Anhand von eigenen Erlebnissen, Diskussionen und Reflexionen stellt Peter Singer eine Reihe von Fragen, die sich am Anspruch des EA orientieren und durchaus kontrovers beantwortet werden können; wie etwa: „Was zählt als das Beste?“ und „Zählt das Leid jedes Einzelnen gleich viel?“, oder „Wie steht es mit Werten wie Gerechtigkeit, Freiheit, Gleichheit oder Wissen?“. Die Antworten darauf werden nicht als Rezepte verteilt, sondern beruhen auf dem Grundprinzip, das sich EA gesetzt hat, nämlich: Selbst zu denken und nicht andere für sich denken zu lassen (Karl-Heinz Bohrer). Ein weiterer Rat, der den Aktivitäten der effektiven Altruisten eigen ist: „Bescheiden leben, um mehr zu geben“. Er knüpft an das wachsende Bewusstsein an, dass das eigene Wohl-Haben allein weder Wohlgefühl noch Zufriedenheit schafft, sondern sich die Überzeugung durchzusetzen beginnt, dass „mehr wird, wenn wir teilen“, wie dies die Nobelpreisträgerin für Wirtschaftswissenschaften Elenor Ostrom deutlich gemacht hat (Was mehr wird, wenn wir teilen. Vom gesellschaftlichen Wert der Gemeingüter, 2011, www.socialnet.de/rezensionen/11224.php).
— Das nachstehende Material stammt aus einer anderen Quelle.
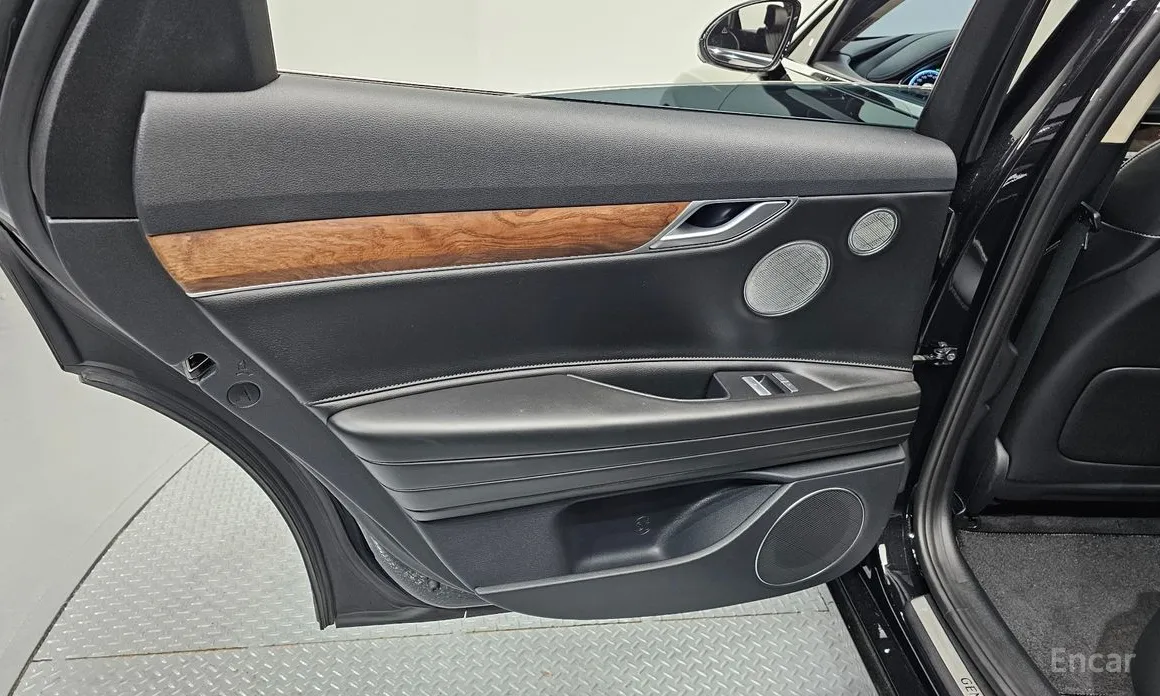 Genesis G80 2021 e-AWD
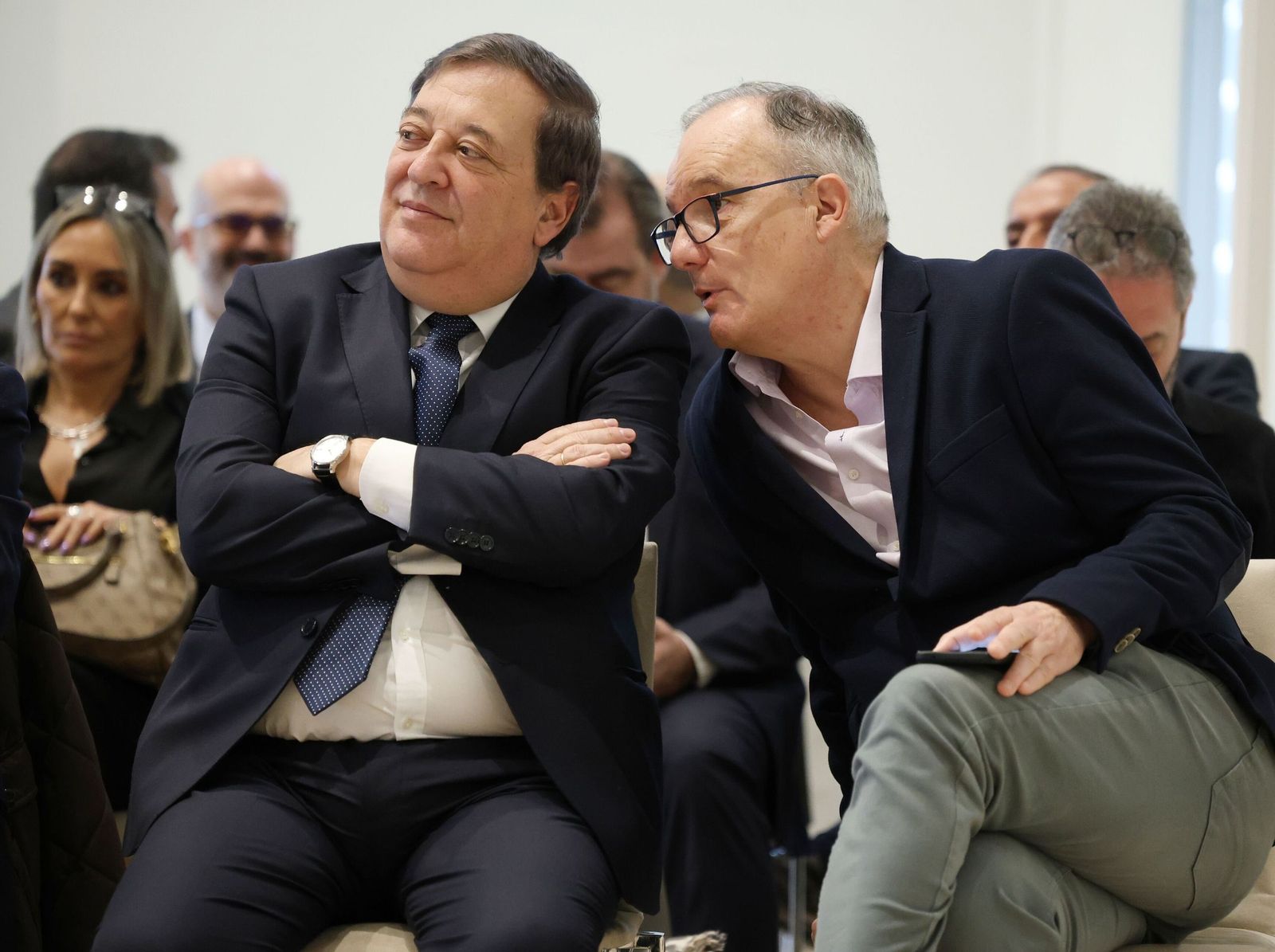 El 'Foro de las ciudades', organizado por el Grupo Joly en Antequera, en imágenes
Kapitalismuskritiker werden Peter Singers Argumentationen, möglichst danach zu streben, viel zu verdienen, um viel geben zu können, nicht als das Ei des Kolumbus halten, um mehr Gerechtigkeit in die Welt zu bringen. Damit aber halten sich die EA nicht groß auf. Das dürfte dann auch eines der Mankos sein, das sich hierbei zwischen effektiven und emotionalen Denk- und Verhaltensweisen auftut. Zwar stellt Singer in seinen Fallbeispielen heraus, dass effektive Altruisten keinesfalls „eiskalte, rationale Rechner“ seien, sondern vielmehr in der Verbindung von Empathie, Emotion, Engagement und Effektivität die optimale Wirkung von EA zu finden sei, doch die (Über-)Betonung des ökonomischen Effektivitätsgedankens nährt diesen Einwand. Bei der Frage, welche Kriterien angelegt werden sollten, um möglichst effektiv tätige Wohltätigkeitseinrichtungen zu unterstützen und ineffektiv tätige Organisationen nicht zu fördern, befinden wir uns auf dem holperigen und eher unbestellten Gelände der Wirksamkeit des Helfens (vgl. dazu auch den kontroversen Diskurs „Hilfe zur Selbsthilfe“, 19.6.2015, www.sozial.de, Schnurers Beiträge). Im Zeichen der staatlichen und privaten Entwicklungszusammenarbeit werden mittlerweile Vorschlagslisten vorgelegt, in denen geprüfte und zertifizierte Einrichtungen aufgeführt sind, für die empfohlen wird zu spenden. Peter Singer nennt insbesondere zwei Initiativen, die die Effektivität und Wirksamkeit von Hilfsorganisationen bewerten: „Give Well“ und „Charity Navigator“. Er seziert deren Auswahlkriterien und zeigt anhand von Studien auf, dass es nicht ausreicht, sich allein auf deren Vorschläge und Listungen zu verlassen; vielmehr komme es darauf an, die eigenen Motive des Helfens und des solidarischen Handelns in den Mittelpunkt der altruistischen Einstellungen zu bringen, um so soviel Gutes wie möglich tun zu können.
Fazit
Die Argumentationen von Peter Singer, wie effektiver Altruismus nicht nur dazu beitragen kann, für eine bessere, gerechtere und friedlichere (Eine) Welt einzutreten, indem der Einzelne so viel wie möglich vom eigenen Wohl-Haben abgibt, sondern auch zu einem besseren, individuellem und gesellschaftlichem, humanem, ethischem Leben führt, sind faszinierend und anregend für die immer wieder notwendigen Fragen: Wer bin ich? – Was soll ich tun? – Was kann ich hoffen?. Das ausführliche Sach- und Namensregister bietet den Leserinnen und Lesern hilfreiche Such- und Nachschlagmöglichkeiten.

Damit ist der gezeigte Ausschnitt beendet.